With the introduction of the RelationMeta field, however, it became clear that
this doesn't work... first problem was that the name could contain square
brackets, e.g.
name="myfield[123][otherfield]"
So the cheeky solution was to put this into the field classes:
$this->id = str_replace(array('[',']',' '), '_', $this->name);
However, that's not good enough when you need to customize the tpls used by the
sub-fields in a RelationMeta because you can't predict what the field name will
be and therefore you can't put in a custom tpl for it. E.g. the field name
might be something like "products[123][shipping]" because it's meta data for
post 123. So the name changes based on *each* instance of the field.

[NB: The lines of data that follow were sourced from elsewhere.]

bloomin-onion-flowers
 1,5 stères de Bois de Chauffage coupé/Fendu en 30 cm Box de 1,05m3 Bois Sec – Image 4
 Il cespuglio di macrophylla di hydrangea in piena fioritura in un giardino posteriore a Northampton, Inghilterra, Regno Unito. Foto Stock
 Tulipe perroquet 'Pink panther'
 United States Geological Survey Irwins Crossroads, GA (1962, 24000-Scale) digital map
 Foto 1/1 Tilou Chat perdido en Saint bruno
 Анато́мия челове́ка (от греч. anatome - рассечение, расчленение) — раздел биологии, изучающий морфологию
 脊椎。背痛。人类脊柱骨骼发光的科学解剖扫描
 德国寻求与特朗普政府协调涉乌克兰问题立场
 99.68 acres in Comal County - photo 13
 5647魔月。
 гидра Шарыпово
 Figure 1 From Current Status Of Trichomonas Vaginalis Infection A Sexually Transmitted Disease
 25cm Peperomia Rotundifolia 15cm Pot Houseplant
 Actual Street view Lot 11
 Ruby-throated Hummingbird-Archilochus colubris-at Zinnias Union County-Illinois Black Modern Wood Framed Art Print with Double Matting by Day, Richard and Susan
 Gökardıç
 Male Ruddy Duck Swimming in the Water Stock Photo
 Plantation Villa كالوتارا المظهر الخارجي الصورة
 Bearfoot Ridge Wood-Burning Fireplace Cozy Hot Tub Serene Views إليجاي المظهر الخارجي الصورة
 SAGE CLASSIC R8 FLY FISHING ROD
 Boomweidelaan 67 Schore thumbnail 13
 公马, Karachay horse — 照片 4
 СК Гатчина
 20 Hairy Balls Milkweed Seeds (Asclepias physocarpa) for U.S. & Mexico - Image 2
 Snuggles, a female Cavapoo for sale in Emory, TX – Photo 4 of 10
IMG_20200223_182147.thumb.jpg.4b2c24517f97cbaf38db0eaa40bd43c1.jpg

Better would be something that would allow the field id to be passed directly
as a field property (and we can always fall back on a str_replace conversion if
it's missing). E.g.
if (!isset($this->id)) {
$this->id = str_replace(array('[',']',' '), '_', $this->name);
}
And then we'd have to update all places where $FieldObj->set_props() was used
to add the extra id if necessary.
AND/OR
Add functions that would allow for overrides of the various tpls used by the
Field element. E.g.
function set_tpl($name, $tpl) {
}
Could be used to populate a hash of all the tpls the field needs (most commonly
element, option, wrapper). That way the RelationMeta field could even specify
a suffix for its field names, e.g. text_meta.tpl or some such, and we can still
have the hierarchy, but it could be accessed from outside the object, e.g.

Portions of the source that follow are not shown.